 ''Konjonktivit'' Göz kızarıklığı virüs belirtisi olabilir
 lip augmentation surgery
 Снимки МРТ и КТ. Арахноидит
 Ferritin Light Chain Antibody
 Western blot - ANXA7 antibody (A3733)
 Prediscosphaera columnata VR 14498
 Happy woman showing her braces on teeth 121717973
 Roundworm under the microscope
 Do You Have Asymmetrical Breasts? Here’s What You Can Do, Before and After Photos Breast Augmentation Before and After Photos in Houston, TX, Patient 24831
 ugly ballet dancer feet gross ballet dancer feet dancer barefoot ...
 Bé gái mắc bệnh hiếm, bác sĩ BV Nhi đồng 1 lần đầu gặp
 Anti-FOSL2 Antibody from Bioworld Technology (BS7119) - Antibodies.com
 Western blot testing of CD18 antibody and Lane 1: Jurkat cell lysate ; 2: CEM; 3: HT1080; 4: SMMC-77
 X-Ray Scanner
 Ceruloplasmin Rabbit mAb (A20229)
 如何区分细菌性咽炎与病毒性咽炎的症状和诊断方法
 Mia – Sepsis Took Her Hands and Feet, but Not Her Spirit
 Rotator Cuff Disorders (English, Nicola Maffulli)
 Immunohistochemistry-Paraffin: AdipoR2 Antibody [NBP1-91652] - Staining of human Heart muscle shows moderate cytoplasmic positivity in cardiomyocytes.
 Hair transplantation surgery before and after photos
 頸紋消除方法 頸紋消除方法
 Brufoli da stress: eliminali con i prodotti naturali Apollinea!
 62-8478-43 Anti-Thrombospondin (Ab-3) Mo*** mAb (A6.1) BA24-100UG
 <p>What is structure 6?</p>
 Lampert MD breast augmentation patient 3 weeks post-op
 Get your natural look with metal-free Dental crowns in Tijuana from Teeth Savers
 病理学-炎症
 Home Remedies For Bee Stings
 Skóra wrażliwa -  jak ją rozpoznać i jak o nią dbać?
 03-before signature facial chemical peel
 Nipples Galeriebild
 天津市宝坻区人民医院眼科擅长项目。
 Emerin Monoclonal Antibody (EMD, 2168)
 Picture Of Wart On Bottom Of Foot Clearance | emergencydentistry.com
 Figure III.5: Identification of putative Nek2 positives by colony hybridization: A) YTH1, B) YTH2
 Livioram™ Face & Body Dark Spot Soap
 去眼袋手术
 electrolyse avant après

» EXERCISE GOAL: Print exactly the lines of the listing above starting at the line containing "Ferritin Light Chain Antibody" and ending at the line containing "Bé gái mắc bệnh", both included.

» RESPONSE TO THE EXERCISE:
 Ferritin Light Chain Antibody
 Western blot - ANXA7 antibody (A3733)
 Prediscosphaera columnata VR 14498
 Happy woman showing her braces on teeth 121717973
 Roundworm under the microscope
 Do You Have Asymmetrical Breasts? Here’s What You Can Do, Before and After Photos Breast Augmentation Before and After Photos in Houston, TX, Patient 24831
 ugly ballet dancer feet gross ballet dancer feet dancer barefoot ...
 Bé gái mắc bệnh hiếm, bác sĩ BV Nhi đồng 1 lần đầu gặp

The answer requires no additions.